▶ _EXERCISE AIM_
Word for word, restate the lines of the listing below from the line with "Image for 14 Cider Mill Road, Medway" through the line with "ForzaDroid for Forza 3 icon", and do not include the pictures.

▶ _RECORDS PROVIDED_
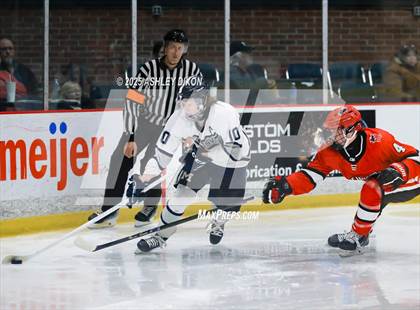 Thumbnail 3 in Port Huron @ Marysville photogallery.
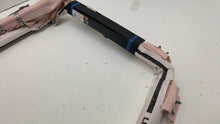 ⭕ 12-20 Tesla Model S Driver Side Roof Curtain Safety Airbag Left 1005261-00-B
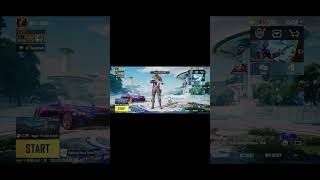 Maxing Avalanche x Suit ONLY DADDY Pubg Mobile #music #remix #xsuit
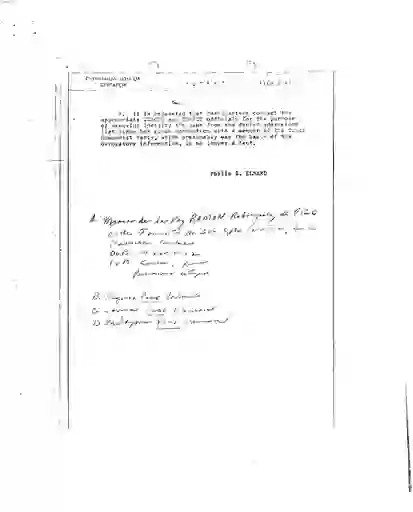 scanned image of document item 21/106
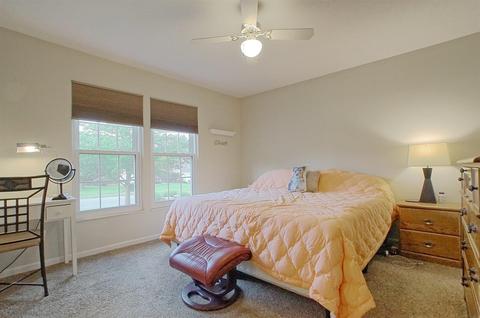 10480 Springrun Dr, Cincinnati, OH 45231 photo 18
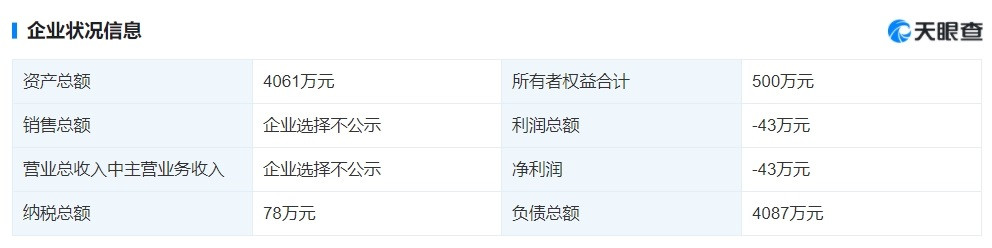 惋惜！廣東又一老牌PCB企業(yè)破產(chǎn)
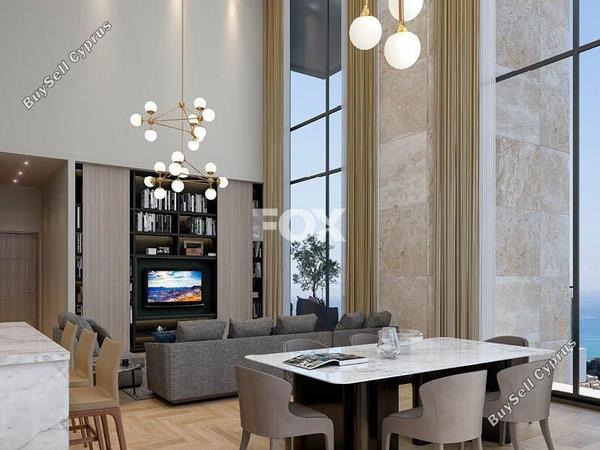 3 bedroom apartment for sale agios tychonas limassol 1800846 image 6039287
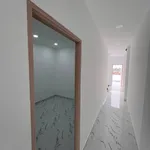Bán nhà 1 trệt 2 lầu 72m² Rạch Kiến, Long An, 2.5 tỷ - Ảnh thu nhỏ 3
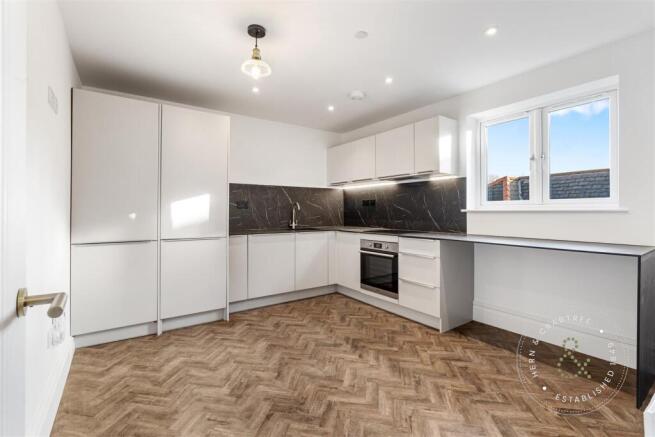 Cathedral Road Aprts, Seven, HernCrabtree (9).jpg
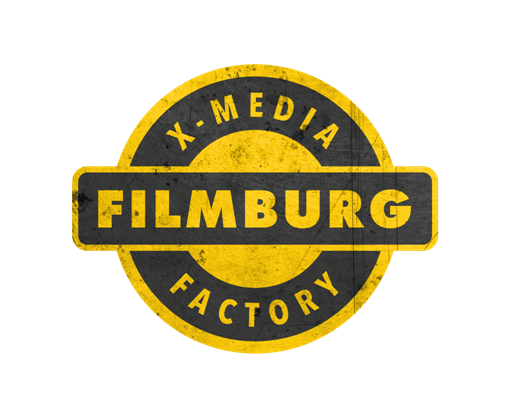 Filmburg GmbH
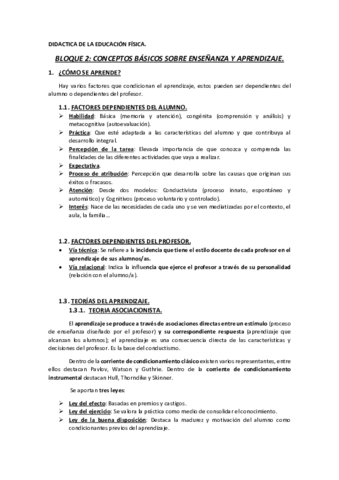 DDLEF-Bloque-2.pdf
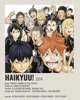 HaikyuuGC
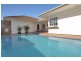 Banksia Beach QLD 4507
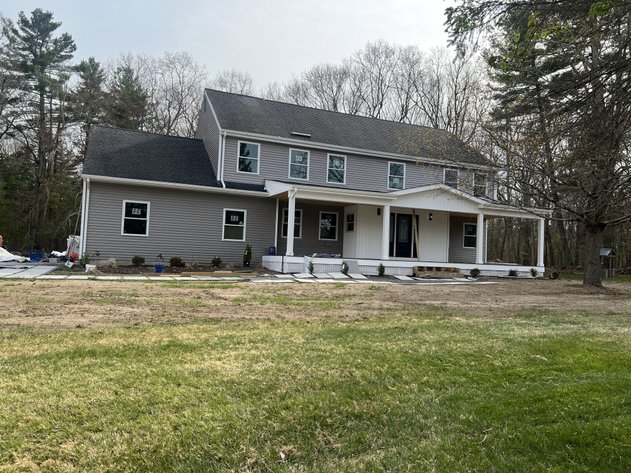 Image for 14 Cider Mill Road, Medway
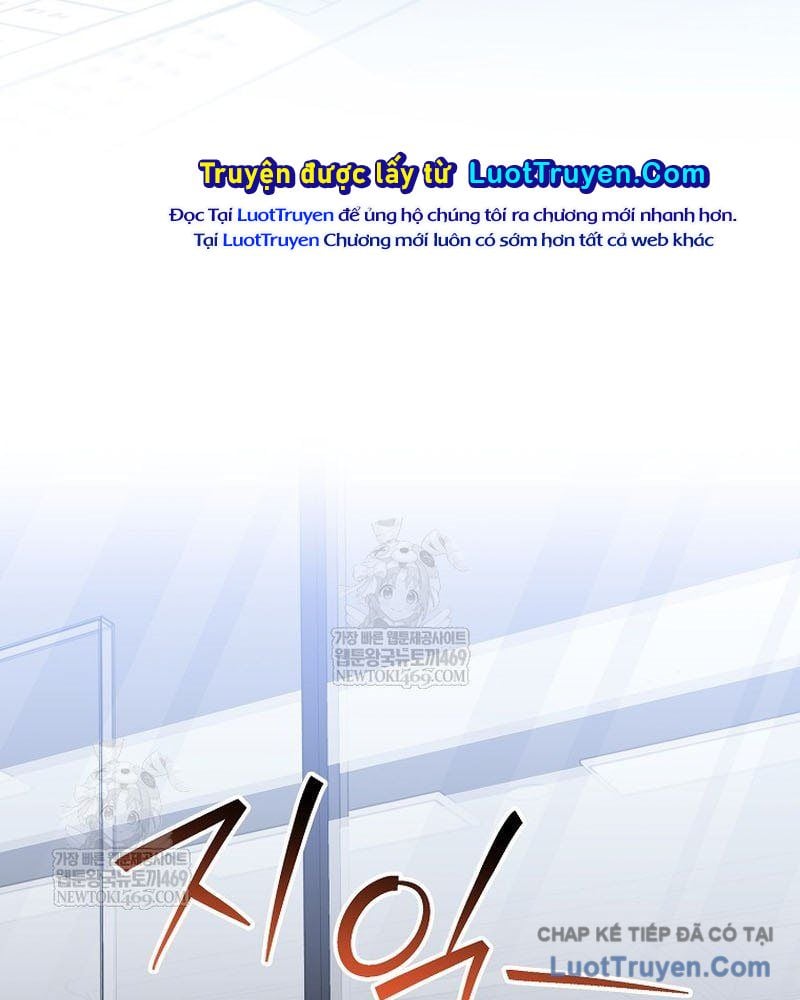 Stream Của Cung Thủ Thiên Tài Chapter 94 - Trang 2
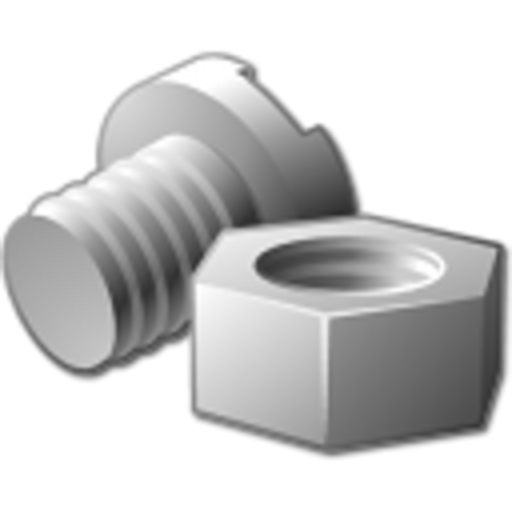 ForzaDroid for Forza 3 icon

...

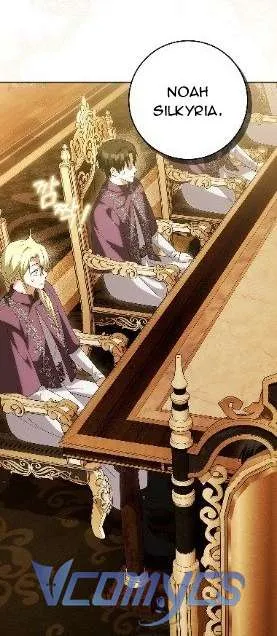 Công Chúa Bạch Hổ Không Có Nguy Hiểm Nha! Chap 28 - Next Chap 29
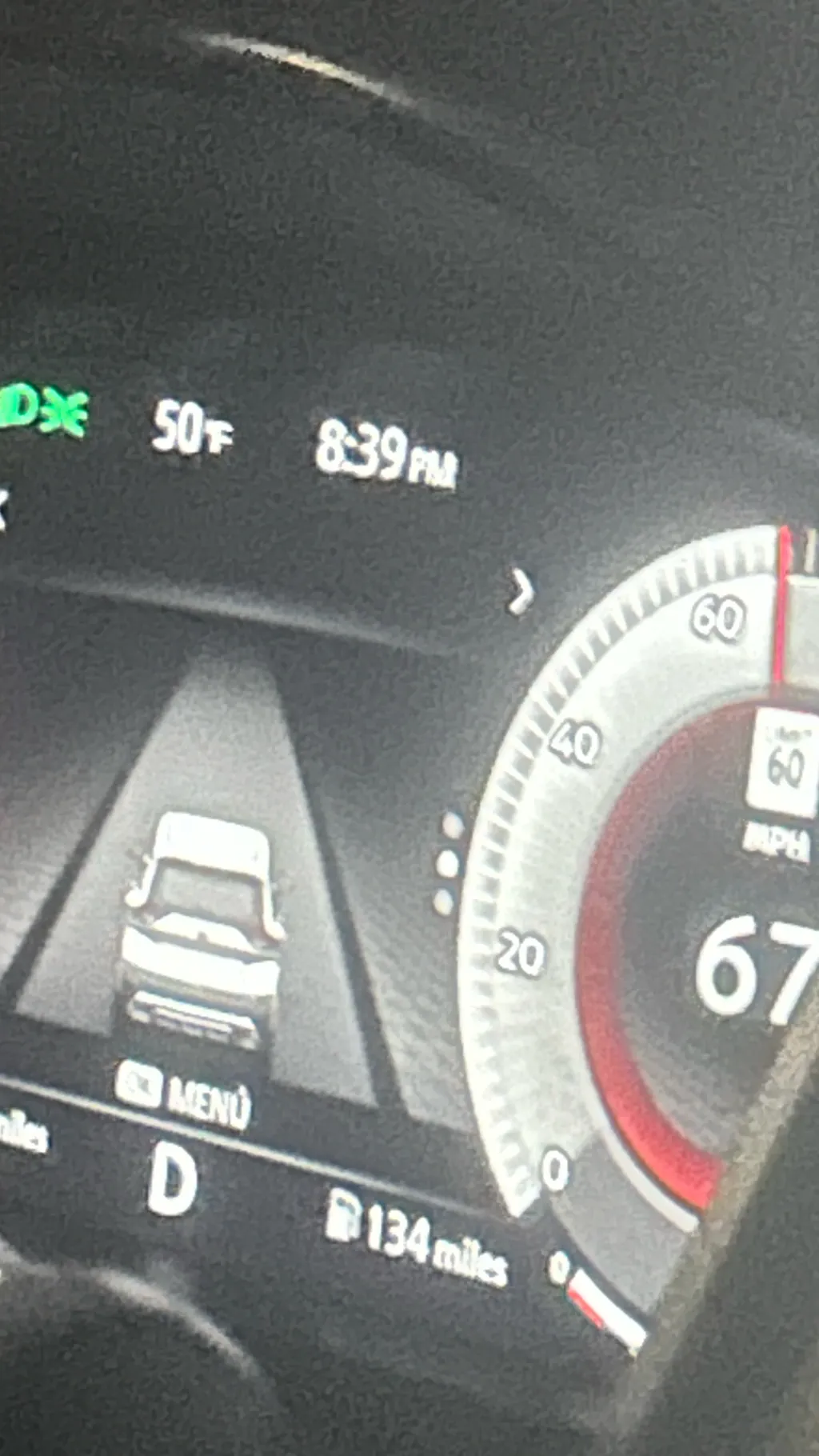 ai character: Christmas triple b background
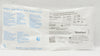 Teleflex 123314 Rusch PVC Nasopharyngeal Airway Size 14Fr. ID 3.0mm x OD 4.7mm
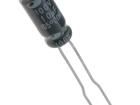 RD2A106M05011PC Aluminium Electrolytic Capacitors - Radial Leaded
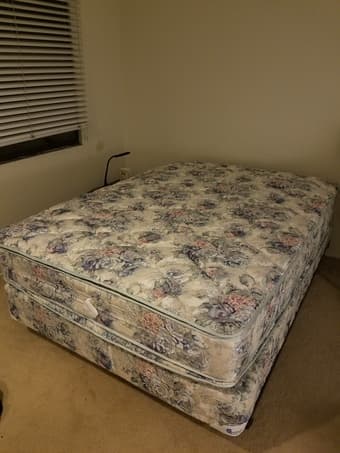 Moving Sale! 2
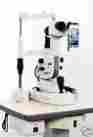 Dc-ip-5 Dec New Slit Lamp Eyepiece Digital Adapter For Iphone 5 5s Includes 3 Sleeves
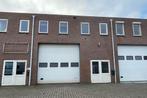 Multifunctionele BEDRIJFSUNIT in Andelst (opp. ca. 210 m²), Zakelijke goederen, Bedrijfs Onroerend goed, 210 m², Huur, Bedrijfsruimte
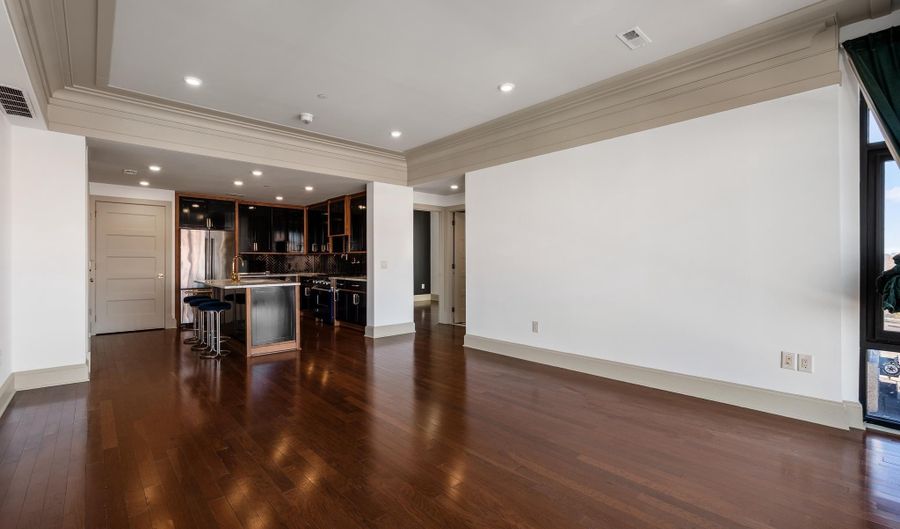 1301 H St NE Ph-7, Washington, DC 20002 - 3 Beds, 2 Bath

==

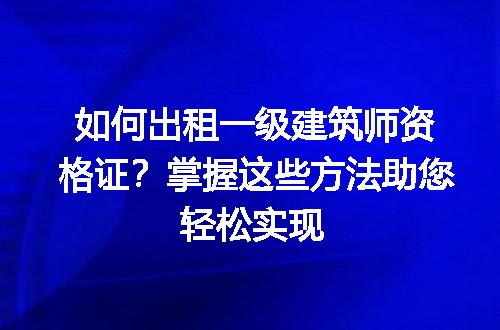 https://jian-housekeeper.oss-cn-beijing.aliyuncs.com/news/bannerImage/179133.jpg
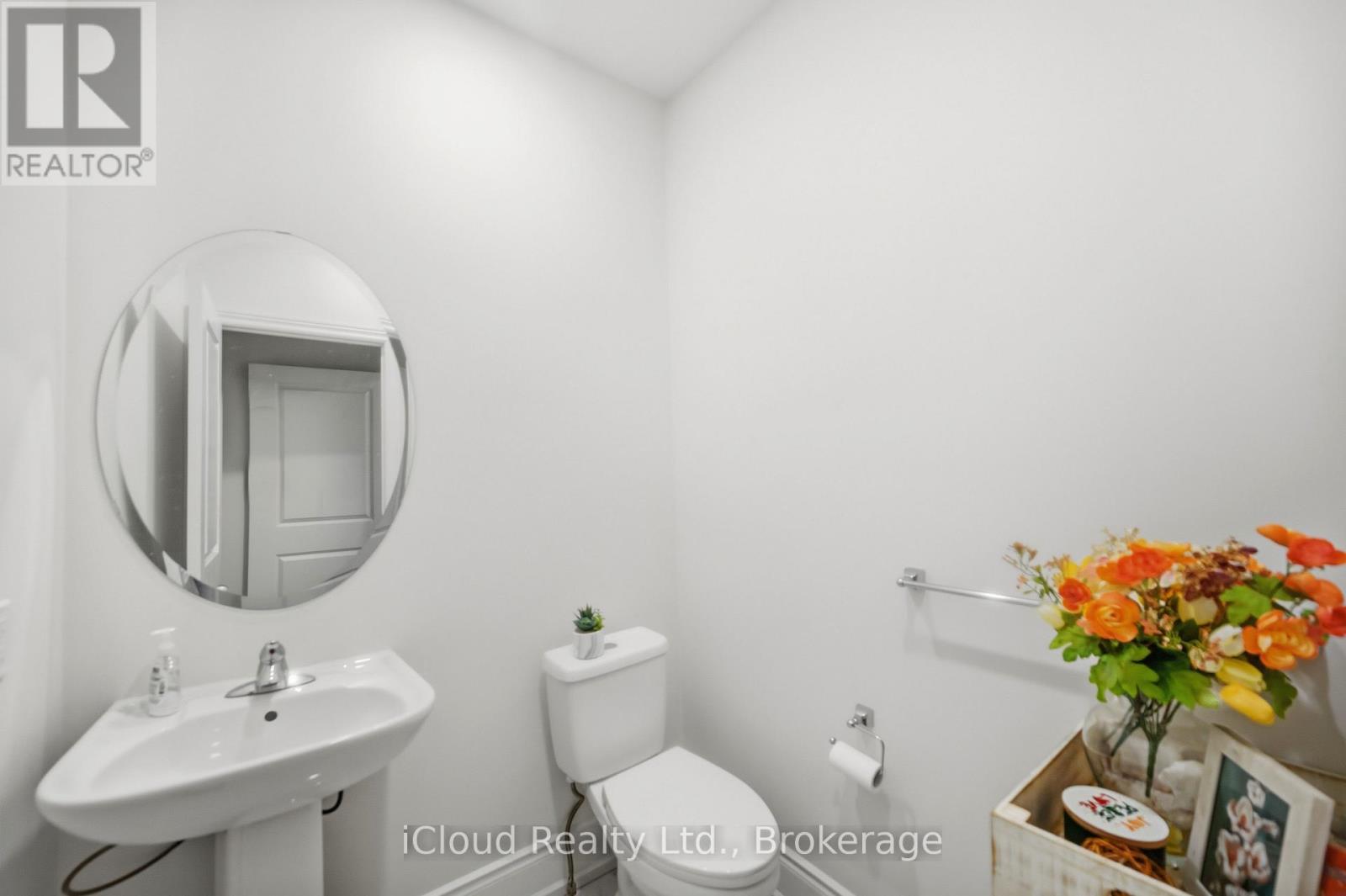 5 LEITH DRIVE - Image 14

▶ _OUTPUT OF THE TASK_
 Image for 14 Cider Mill Road, Medway
 Stream Của Cung Thủ Thiên Tài Chapter 94 - Trang 2
 ForzaDroid for Forza 3 icon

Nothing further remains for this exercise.